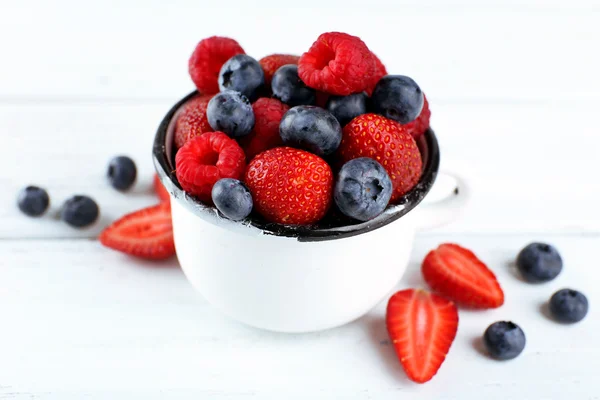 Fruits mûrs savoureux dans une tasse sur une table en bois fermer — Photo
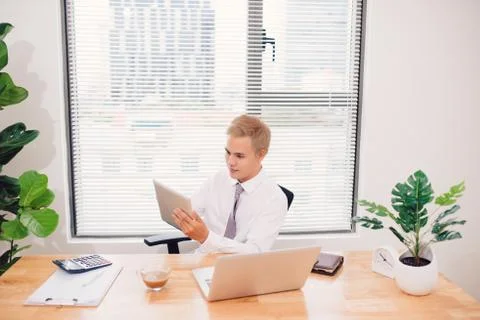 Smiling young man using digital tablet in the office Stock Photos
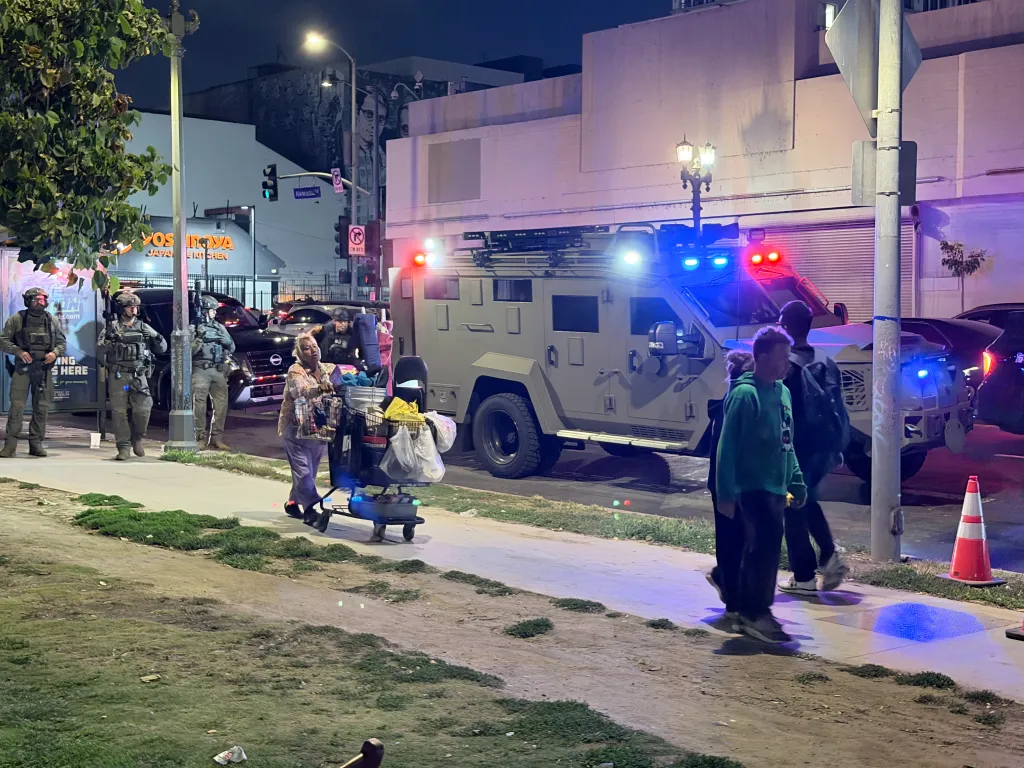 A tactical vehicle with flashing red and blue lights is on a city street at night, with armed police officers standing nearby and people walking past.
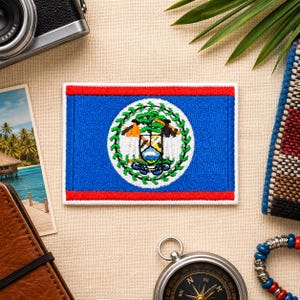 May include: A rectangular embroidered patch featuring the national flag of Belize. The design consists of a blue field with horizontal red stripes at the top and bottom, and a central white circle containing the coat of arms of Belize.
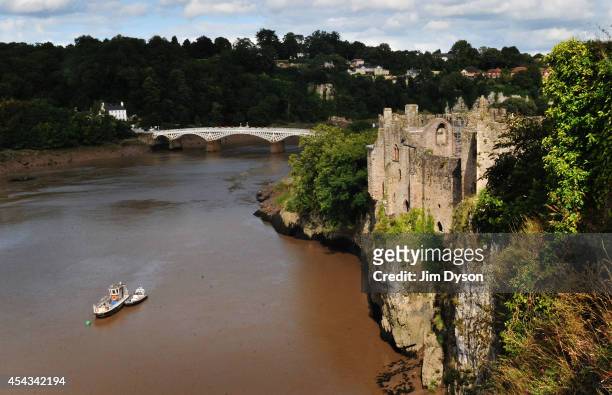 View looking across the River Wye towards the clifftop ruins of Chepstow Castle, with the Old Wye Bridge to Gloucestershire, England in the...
----
§ **WORK REQUIRED**:
Omit the pictures. Print, word for word, the lines from the beginning of the entries above through the line that holds "A tactical vehicle".

§ **RESULT OF THIS EXERCISE**:
 Fruits mûrs savoureux dans une tasse sur une table en bois fermer — Photo
 Smiling young man using digital tablet in the office Stock Photos
 A tactical vehicle with flashing red and blue lights is on a city street at night, with armed police officers standing nearby and people walking past.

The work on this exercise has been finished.